WHAT TO PRODUCE
Copy out every line of the data where the word "with" is found.

DATA LISTING
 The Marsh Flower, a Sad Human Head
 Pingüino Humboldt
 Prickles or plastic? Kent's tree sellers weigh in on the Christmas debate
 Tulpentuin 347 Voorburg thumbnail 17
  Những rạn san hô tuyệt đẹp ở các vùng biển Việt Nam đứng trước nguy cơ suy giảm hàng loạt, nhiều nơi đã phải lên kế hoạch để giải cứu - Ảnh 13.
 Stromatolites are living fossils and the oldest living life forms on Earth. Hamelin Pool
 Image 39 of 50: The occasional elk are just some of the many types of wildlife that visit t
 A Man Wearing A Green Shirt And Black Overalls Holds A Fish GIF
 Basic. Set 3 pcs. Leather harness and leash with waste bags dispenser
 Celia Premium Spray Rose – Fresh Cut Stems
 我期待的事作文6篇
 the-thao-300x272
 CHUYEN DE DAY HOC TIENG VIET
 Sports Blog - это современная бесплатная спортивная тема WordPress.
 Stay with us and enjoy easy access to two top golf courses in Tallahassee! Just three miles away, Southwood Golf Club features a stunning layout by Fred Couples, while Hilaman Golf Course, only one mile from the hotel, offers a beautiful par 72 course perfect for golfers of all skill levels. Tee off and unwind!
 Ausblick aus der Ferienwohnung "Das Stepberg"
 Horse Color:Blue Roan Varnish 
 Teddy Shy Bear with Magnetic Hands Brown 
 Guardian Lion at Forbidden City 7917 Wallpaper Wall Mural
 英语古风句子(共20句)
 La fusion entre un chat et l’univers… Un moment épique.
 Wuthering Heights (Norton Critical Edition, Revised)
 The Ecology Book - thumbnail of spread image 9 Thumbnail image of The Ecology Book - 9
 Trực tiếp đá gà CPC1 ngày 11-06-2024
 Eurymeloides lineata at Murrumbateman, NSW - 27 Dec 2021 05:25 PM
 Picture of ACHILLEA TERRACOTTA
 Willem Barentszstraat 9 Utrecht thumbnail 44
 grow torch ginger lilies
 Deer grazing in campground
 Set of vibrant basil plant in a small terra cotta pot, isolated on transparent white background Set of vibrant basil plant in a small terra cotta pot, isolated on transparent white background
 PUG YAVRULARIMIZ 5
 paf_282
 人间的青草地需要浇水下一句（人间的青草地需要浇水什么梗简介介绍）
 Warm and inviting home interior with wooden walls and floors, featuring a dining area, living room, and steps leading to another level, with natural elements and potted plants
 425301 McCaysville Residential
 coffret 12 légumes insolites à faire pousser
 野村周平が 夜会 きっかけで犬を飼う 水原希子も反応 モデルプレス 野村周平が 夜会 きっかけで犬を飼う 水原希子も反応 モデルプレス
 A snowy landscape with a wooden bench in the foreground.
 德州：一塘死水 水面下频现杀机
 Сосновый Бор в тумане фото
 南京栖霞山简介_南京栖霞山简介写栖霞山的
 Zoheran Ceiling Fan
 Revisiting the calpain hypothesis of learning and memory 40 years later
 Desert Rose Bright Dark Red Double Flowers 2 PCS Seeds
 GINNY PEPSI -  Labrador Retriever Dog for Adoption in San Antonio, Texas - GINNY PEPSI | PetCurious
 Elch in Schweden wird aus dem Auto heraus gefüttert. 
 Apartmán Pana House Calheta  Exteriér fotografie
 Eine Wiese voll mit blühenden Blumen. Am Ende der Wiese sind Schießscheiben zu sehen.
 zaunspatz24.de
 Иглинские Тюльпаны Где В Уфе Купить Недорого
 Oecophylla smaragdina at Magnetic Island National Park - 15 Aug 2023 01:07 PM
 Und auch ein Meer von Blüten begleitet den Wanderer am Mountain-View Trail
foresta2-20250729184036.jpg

THE ANSWER
 Basic. Set 3 pcs. Leather harness and leash with waste bags dispenser
 Stay with us and enjoy easy access to two top golf courses in Tallahassee! Just three miles away, Southwood Golf Club features a stunning layout by Fred Couples, while Hilaman Golf Course, only one mile from the hotel, offers a beautiful par 72 course perfect for golfers of all skill levels. Tee off and unwind!
 Teddy Shy Bear with Magnetic Hands Brown 
 Warm and inviting home interior with wooden walls and floors, featuring a dining area, living room, and steps leading to another level, with natural elements and potted plants
 A snowy landscape with a wooden bench in the foreground.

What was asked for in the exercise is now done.